Третьего августа 1914 г. Германия объявляет войну Франции. В сентябре начинаются массированные бомбардировки Реймса, в результате которых был практически разрушен собор Реймской богоматери. В конце августа Жорж Батай вместе с матерью покидают Реймс (его брат — на фронте) и переезжают в Риом-эс-Монтань (Овернь) к ее родителям, оставив отца одного на попечении прислуги.

Жорж Батай ведет набожную жизнь, преисполненную религиозных медитаций и молитв. Начинает подготовку к еще одному диплому бакалавра, на этот раз по философии.

1915

Успешно сдает экзамены на бакалавра по философии. Батай всегда настаивал на том, что с получением этого диплома о среднем образовании завершилось его официальное философское образование вообще.

Шестого ноября в полном одиночестве умирает отец.

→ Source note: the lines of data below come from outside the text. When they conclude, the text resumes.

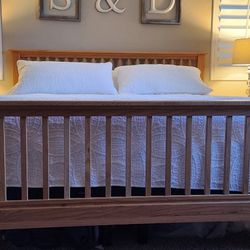 Solid Oak California King/King Bed Frame – Real Wood, Very Sturdy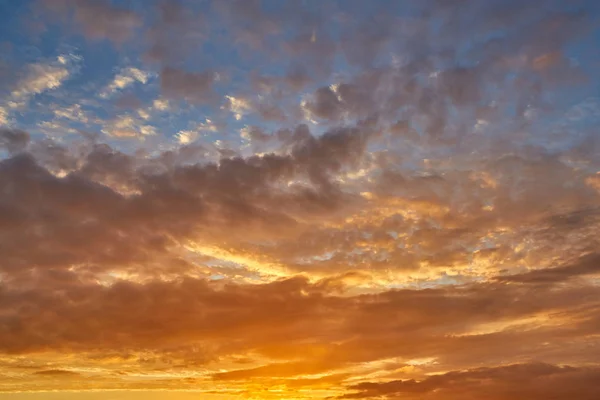 Ognisty pomarańczowy zachód słońca niebo. Piękne niebo podczas zachodu słońca — Zdjęcie stockowe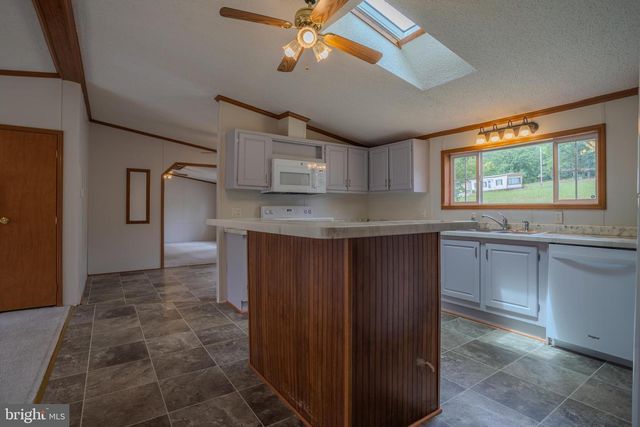 706 LOOP RD, Gerrardstown, WV 25420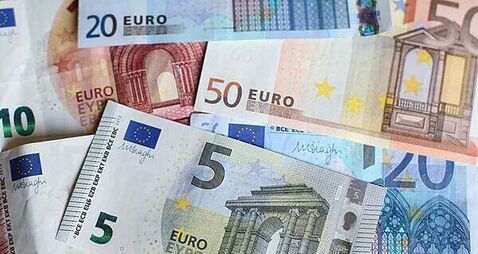 July inflation remains steady at 3.4% as annual education costs climb 8.9%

Узнав об ухудшении состояния больного, Жорж едет с матерью в Реймс, но застают его уже мертвым.

1916

В январе Батай мобилизован, но на фронт так и не попадает: у него обнаруживается серьезное заболевание легких, и он будет уволен из армии в январе 1917 г. Пишет заметки, которые будут им вполедствии уничтожены: он называет их «Ave Caesar».

1917

Возвращение в Риом-эс-Монтань. Его поведение отличается величайшей строгостью: он всецело поглощен католичеством. Почти каждую неделю ходит на исповедь и «ведет святую жизнь», как свидетельствовал его друг детства Жорж Дельтей.

К этому времени относится легенда о поступлении Батая в семинарию аббатства Сен-Флур (Канталь), где он якобы учился целый год. Эта история, на которой сам Батай настаивал в поздние годы, однако не подтвердилась, о чем свидетельствуют его же собственные письма той эпохи.

Пишет поэмы в форме свободного стиха на религиозные темы — об Иерусалиме, о соборе Реймской богоматери.

1918

Выходит в свет первая книга Батая: это маленькая брошюрка, состоящая из шести страниц, под названием «Собор Реймской богоматери» (напечатана в Сен-Флуре, в типографии «Куррье д'Овернь»). Этот прозаический текст связан, по всей вероятности, с его первыми поэмами (которые до сих пор не обнаружены). О существовании своей брошюры «Собор Реймской богоматери» Батай никогда не упоминал. О ее существовании узнали случайно из некролога, написанного Андре Массоном, другом Батая по Высшей школе хартий.

По-прежнему оставаясь верным католиком, он увлекается средневековой культурой, готовится к поступлению в парижскую Высшую школу хартий.

Восьмого ноября зачислен на первый курс.

1919

Успешнее всех сдает экзамены для перехода на второй курс. Собирается жениться на сестре своего друга детства Жоржа Дельтея, Мари. Он просит ее руки летом 1919 г. и получает отказ: родители невесты опасаются, что на будущих детях может сказаться его сифилитическая наследственность. Батай переживает глубокий кризис и даже подумывает о самоубийстве.